Robert Krier lives in a 6,000-square-foot dream home. For $600 a month.
Tales of cheap rent don’t abound. But Krier and his wife, Patricia, have found a sweet spot in the market. They take advantage of the glut of empty homes for sale. The couple are among a class of tenants known as “caretakers,” charged with keeping unsold properties in good shape and staged to impress potential buyers.
For $600 monthly rent, the Kriers live in a stone house in downtown Denver that has stood for more than a century. It boasts five fireplaces, four bedrooms and a wraparound wooden porch. “It’s real nice,” says Krier, a 65-year-old semi-retired music teacher.
How it works
The Kriers are clients of Denver-based Caretakers of America, or COA. Other caretaker businesses dot the national landscape, although none are affiliated with the original in Denver, says founder Randy Bridge. He and entrepreneurs such as Tom Schmidt, who started Homes In Transition, or HIT, in Albuquerque, N.M., have been marrying owners of vacant properties with flexible tenants since the savings and loan crisis of the late 1980s.
“We find credible, well-vetted tenants,” says Schmidt. The background check includes immigration status, criminal history and credit standing. “We don’t place people randomly. We look at the furnishings they own and match these individuals to the various properties in the program.”
HIT charges $680 a month in rent, regardless of the size of the 80 homes in its stable. “Caretakers pay a screaming great rate to live in an excellent house,” Schmidt says. COA’s rents don’t exceed $600 for its inventory of 60 homes that list for $350,000 to $600,000, Bridge says. HIT and COA make tenants pay utilities and any homeowner association fees. Tenants maintain landscaping, keep the house clean and handle minor repairs.
All sorts of folks do it
The Kriers got in the game seven years ago at the height of the housing market after the last of their seven children left the 3,000-square-foot home they shared. “We were trying to downsize, and the house sold very quickly,” Krier says. The couple is now on its 11th property. They stayed in one for 18 months; their shortest stint was 90 days. Never did they consider bidding on a house they rented. “We’re not in a situation to buy any of these houses,” says Krier, whose price range tops out near $400,000.
Bridge says all sorts of people sign up to rent as caretakers. “It’s regular folks moving into the area, looking to get a feel for the market before buying,” he says. “It could be people with financial difficulties, looking to get back on their feet but who can’t afford a place big enough for a family.” Some caretakers have relocated for a short-term job. Others are having a house built but sold their previous home faster than expected, so they need to rent for a while.
Not exactly convenient
Tenants must be ready to show seven days a week for about 10 hours starting around 9 a.m. “These caretakers are living in a bit of a fishbowl,” Schmidt says.
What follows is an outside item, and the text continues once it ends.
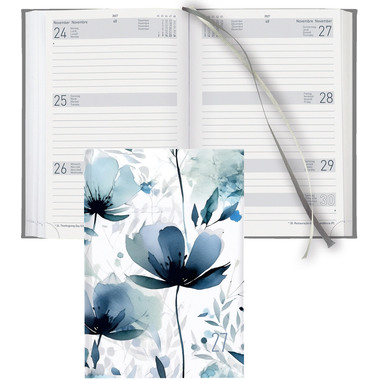 BIELLA Agenda Dispo Term 2027 808543750027U 1S/2P Blue Flower 14.5x20.5cm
Krier says showings average two a day when a property first lists, but the flow slows after a week or two. “You have to have the place straightened up before you leave for work, the dishes done, the bathrooms neat,” he says.
Tenants must be ready to move on 30 days’ notice, although Schmidt says it often takes longer than a month to get from contract to closing. COA can boot its clients in 10 days, but Bridge says most caretakers get a month’s notice.
Sellers get the ultimate in staging
“It’s a pretty cool idea,” says Tracy Highspencer, an agent with Century 21 Camco in Albuquerque, N.M. He’s sold two homes that have had caretakers in them. “A lot of times, a home will show better with furniture in it than when vacant.” Home-staging firms have for years been selling services to furnish vacant properties using that theory.
Putting in tenants takes staging a step further, even adding more “life” to a property, says Brian Sanchez, who listed his house with HIT in New Mexico after moving to the Washington, D.C., area for his job. “There’s inherent warmth when somebody is living in a home, and that comes across.” His 3,150 square-foot home lists for $570,000, and he says it would rent for north of $3,000 a month. He said the headaches of becoming a landlord made that option untenable, though. Sanchez is typical of the homeowners who hire caretaker firms, worried that the property might fall into disrepair or get vandalized. HIT charges them $1,500, but knocks $500 off that every 30 days the house doesn’t sell. COA charges no fee to owners.
As the cycle turns
“It’s kind of a win-win,” Krier says. The couple has little reason to worry their strategy won’t last. Even though the housing market has shown signs of recovery, HIT and COA say they will survive even another bubble. “We’ve been around in good times and bad,” Bridge says. That means opportunities for people like the Kriers to live in palatial homes for bungalow-sized rents will persist.